Houston - Die Hersteller bezeichnen ihn als „Covid-19 Impfstoff der Welt“. Die Rede ist vom neuen Impfstoff Corbevax. Das in Texas entwickelte Vakzin hat laut den Entwicklern das Potenzial, die Weltbevölkerung zu impfen. Es wurde für die „globale Gesundheit entwickelt“, so der Hersteller. Indien hat dem Impfstoff im Dezember 2021 bereits eine Notfallzulassung erteilt. Doch was kann das Vakzin wirklich und was macht es besonders?

Corbevax: Wie funktioniert der neue Impfstoff?

Corbevax wurde von Forschern am Texas Children‘s Hospital und dem Baylor College of Medicine in Houston, Texas, entwickelt. Es ist anders als der Biontech- und Moderna-Impfstoff kein Vakzin, das auf mRNA-Techniken beruht. Stattdessen gleicht es im Aufbau eher dem ebenfalls neuen Impfstoff Novavax. Der sogenannte rekombinierte Proteinimpfstoff nutzt, vereinfacht dargestellt, als Antigen einen Teil des Spike-Proteins des Covid-Erregers. Dieser nachgebaute Teil hilft bei Impfung dem Körper eine Abwehr gegen das Virus zu entwickeln. Doch was unterscheidet den Impfstoff dann beispielsweise von Novavax?

Corbevax: Ein Impfstoff ohne Patentschutz - Hersteller erhoffen sich Vorteil für arme Länder

Als erster Corona-Impfstoff ist Cordevax nicht patentiert. Die Entwickler verzichteten bewusst auf eine Patentierung. Dadurch sinken die Kosten für den Impfstoff. In einem Gastbeitrag in der Zeitschrift Scientific American schreiben die Entwickler Drs. Maria Elena Bottazzi und Peter Hotez, dass der Impfstoff vor allem für die Anwendung in ressourcenarmen Ländern geeignet sei.

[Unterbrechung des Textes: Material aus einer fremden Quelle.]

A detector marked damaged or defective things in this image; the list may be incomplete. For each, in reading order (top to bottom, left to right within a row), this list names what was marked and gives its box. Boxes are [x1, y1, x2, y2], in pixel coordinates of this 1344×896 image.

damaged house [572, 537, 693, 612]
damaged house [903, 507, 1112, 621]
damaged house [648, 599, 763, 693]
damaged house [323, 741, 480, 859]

Der Impfstoff ist „sicher, effektiv und kann lokal in sehr großen Mengen hergestellt werden“, so die Forscher. Das sei möglich, da die Herstellungstechniken bereits bekannt wären. Sie wären ähnlich zum Hepatitis B Impfstoff, der in vielen der Länder verwendet wird. „Corbevax ist einfach zu lagern und nicht teuer“, schreiben die Entwickler darüber hinaus. Eine einfache Kühlung reiche zur Lagerung. „Wir hoffen, dass der Impfstoff in vielen Ländern mit niedrigem und mittlerem Einkommen in Afrika, Asien und Lateinamerika verwendet wird, wo die Verfügbarkeit von Impfstoffen im Allgemeinen miserabel war.“ So soll Corbevax für eine gerechtere Aufteilung der Impfdosen sorgen. Lizenzen wurden bereits an Unternehmen in Indonesien, Bangladesch und Botswana vergeben.

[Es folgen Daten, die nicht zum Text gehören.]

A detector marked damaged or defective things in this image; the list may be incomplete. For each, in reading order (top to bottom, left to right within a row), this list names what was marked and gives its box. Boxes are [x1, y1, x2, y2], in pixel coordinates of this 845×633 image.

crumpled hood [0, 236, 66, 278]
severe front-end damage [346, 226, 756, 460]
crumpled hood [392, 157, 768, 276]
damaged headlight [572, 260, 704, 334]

Corbevax: Die Entwickler wollen bald mehr als eine Milliarde Impfdosen produzieren

Die Entwickler haben große Ziele mit ihrem Vakzin. Die indische Regierung habe bereits 300 Millionen Dosen gekauft. Zudem plane BioE, das Unternehmen, das in Indien die Lizenz zur Fertigung hat, ab Februar 100 Millionen Dosen oder sogar mehr pro Monat herzustellen. 150 Millionen Dosen wären bereits produziert und fertig zur Auslieferung. Da nicht alle in Indien produzierten Dosen auch dort gebraucht werden, plant BioE eine Milliarde Dosen an andere Länder zu liefern. Große Ziele. „Das bedeutet, dass Corbevax bald mehr Menschen impfen wird, als bis jetzt durch Spenden der USA oder jedes anderen G-7-Landes ermöglicht wurden“, so die Entwickler. International versorgt die Allianz namens Gavi vor allem ärmere Länder, die kein Geld haben, um die Impfstoffe selbst zu bestellen. Am 15. Januar versandte sie die einmilliardste Dosis Impfstoff, so die dpa.

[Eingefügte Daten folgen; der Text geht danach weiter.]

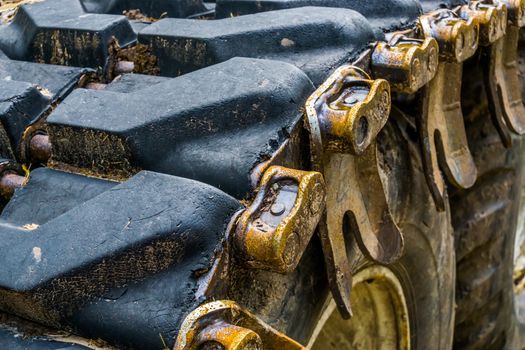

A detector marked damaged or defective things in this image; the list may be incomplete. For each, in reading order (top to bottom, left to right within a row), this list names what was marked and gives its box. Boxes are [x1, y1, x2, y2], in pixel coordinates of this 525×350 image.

rusty metal link [456, 0, 506, 45]
rusty metal link [370, 36, 440, 93]
rusty metal link [482, 0, 524, 146]
rusty metal link [414, 8, 478, 211]
rusty bolt [30, 134, 51, 163]
rusty bolt [0, 172, 24, 198]
rusty metal link [0, 159, 25, 200]
rusty metal link [232, 166, 324, 274]
rusty metal link [302, 65, 402, 320]
rusty metal link [174, 300, 302, 350]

In Indien wird bereits mit verschiedenen Impfstoffen geimpft. Nun wird dort auch der neue Impfstoff Corbevax hergestellt.
In Indien wird bereits mit verschiedenen Impfstoffen geimpft. Nun wird dort auch der neue Impfstoff Corbevax hergestellt. © Hindustan Times/Imago

Corbevax: Wie wirksam ist der neue Impfstoff?

Corbevax wurde in zwei klinischen Phase-III-Studien an mehr als 3000 Probanden getestet. Wie die Pharmazeutische Zeitung jedoch anmerkt, ist dies eine eher geringe Probandenzahl. Biontech verwendete beispielsweise 10.000 Probanden für die Phase-III-Studie zur Booster-Impfung, so das Unternehmen. Bei Novovax waren es über 29.000 Personen, die in der Testung mindestens eine Impfdosis bekamen.

Für Corbevax geben die Entwickler nach der dritten Phase eine gute Verträglichkeit an. Der Impfstoff wurde wohl im Vergleich zum Impfstoff Covishield getestet. Dieser ist unter anderem in Indien zugelassen und entspricht dem vektorbasierten, in der EU zugelassenen Vakzin von AstraZeneca.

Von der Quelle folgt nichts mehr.